» **What you will do**
What is needed is an exact copy of the entries, with the pictures excluded.

» **Data provided**
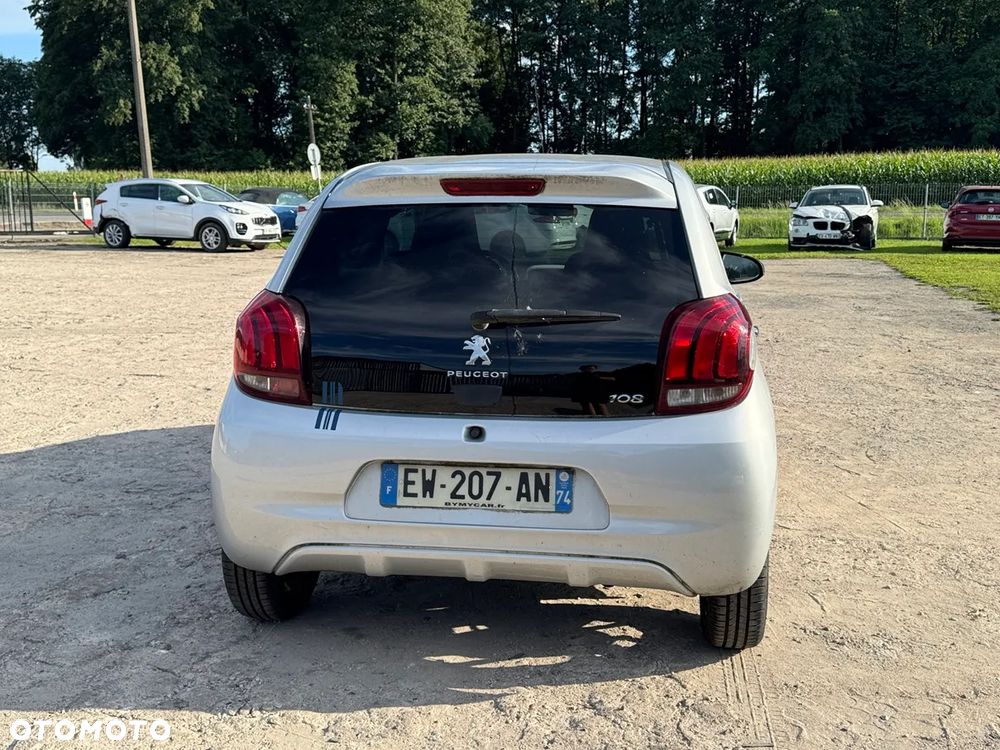 Peugeot 108 PureTech 82 Top Roland Garros - 8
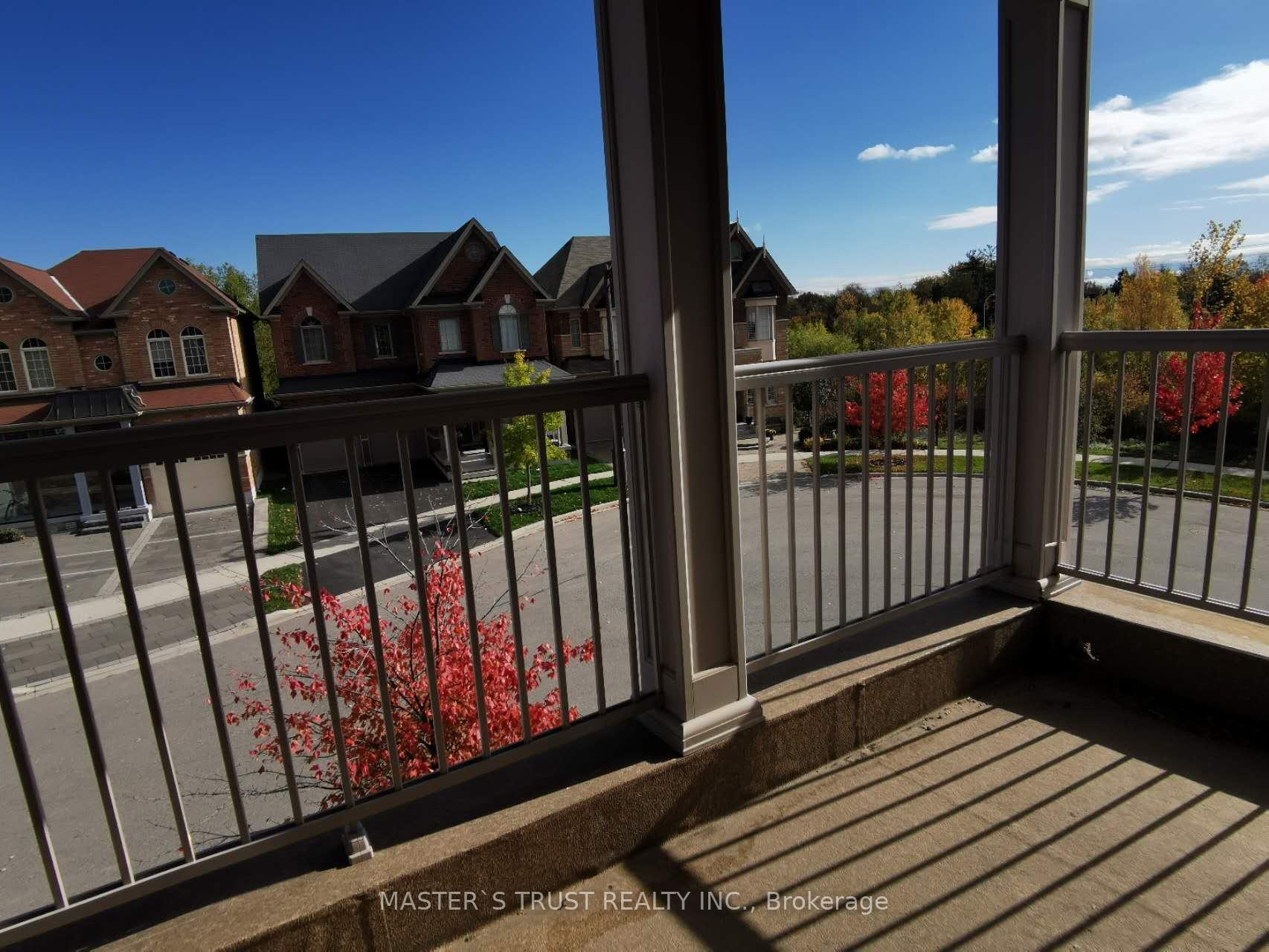 Photo 13 of 16 William Bartlett Drive, Markham, Berczy — HOMEH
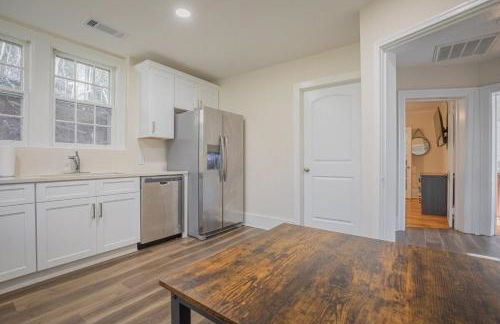 Classic City Apartment w Firepit - Photo 11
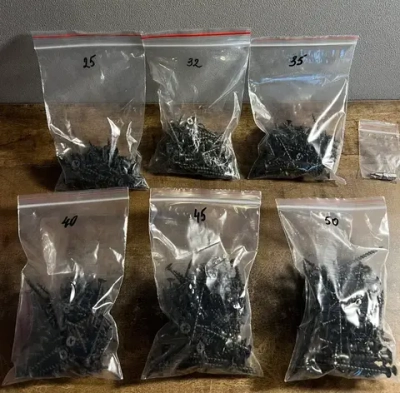 Универсальный набор саморезов по дереву 25, 32, 35, 40, 45, 50 по 100 штук черные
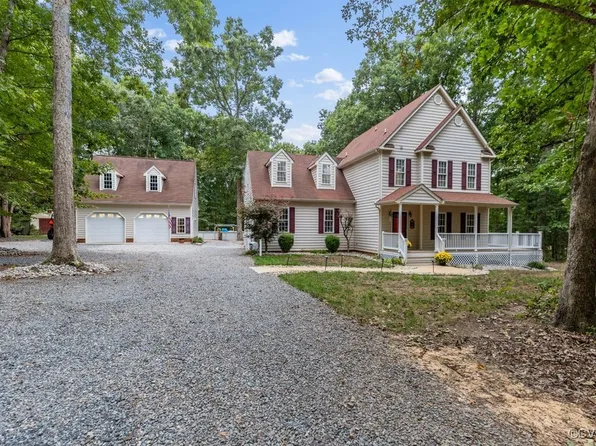 3105 Mill Trace Ln, Sandy Hook, VA 23153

» **Exercise response**
 Peugeot 108 PureTech 82 Top Roland Garros - 8
 Photo 13 of 16 William Bartlett Drive, Markham, Berczy — HOMEH
 Classic City Apartment w Firepit - Photo 11
 Универсальный набор саморезов по дереву 25, 32, 35, 40, 45, 50 по 100 штук черные
 3105 Mill Trace Ln, Sandy Hook, VA 23153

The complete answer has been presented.